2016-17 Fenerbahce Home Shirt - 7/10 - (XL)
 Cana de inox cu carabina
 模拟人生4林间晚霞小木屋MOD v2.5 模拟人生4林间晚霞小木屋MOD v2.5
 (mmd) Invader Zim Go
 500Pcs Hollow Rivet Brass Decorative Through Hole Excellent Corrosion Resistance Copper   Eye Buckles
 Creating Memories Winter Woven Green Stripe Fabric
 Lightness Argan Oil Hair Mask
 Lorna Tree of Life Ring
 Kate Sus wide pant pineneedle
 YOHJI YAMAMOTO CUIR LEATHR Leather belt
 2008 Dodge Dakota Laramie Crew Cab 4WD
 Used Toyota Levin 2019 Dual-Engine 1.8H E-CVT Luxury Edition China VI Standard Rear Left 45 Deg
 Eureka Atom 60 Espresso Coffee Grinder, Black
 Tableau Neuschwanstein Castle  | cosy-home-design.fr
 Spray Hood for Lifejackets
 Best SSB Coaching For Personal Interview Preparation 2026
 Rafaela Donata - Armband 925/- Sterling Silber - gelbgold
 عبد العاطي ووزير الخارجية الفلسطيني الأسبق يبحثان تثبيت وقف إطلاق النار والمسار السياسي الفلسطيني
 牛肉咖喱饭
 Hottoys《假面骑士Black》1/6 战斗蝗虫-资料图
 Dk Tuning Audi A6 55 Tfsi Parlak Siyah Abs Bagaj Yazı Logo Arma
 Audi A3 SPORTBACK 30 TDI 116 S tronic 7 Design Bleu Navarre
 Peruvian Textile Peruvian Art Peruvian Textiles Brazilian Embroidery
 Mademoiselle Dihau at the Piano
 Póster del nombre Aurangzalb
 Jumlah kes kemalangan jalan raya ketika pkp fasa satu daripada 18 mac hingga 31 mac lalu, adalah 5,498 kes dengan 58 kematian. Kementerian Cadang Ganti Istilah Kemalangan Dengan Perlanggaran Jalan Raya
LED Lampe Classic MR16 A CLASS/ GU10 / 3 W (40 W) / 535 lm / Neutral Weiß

▶ **Activity**:
From the records above, extract exactly and only the lines that begin at the line with "Cana de inox cu carabina" and stop after the line with "YOHJI YAMAMOTO CUIR LEATHR Leather belt".

▶ **Output**:
 Cana de inox cu carabina
 模拟人生4林间晚霞小木屋MOD v2.5 模拟人生4林间晚霞小木屋MOD v2.5
 (mmd) Invader Zim Go
 500Pcs Hollow Rivet Brass Decorative Through Hole Excellent Corrosion Resistance Copper   Eye Buckles
 Creating Memories Winter Woven Green Stripe Fabric
 Lightness Argan Oil Hair Mask
 Lorna Tree of Life Ring
 Kate Sus wide pant pineneedle
 YOHJI YAMAMOTO CUIR LEATHR Leather belt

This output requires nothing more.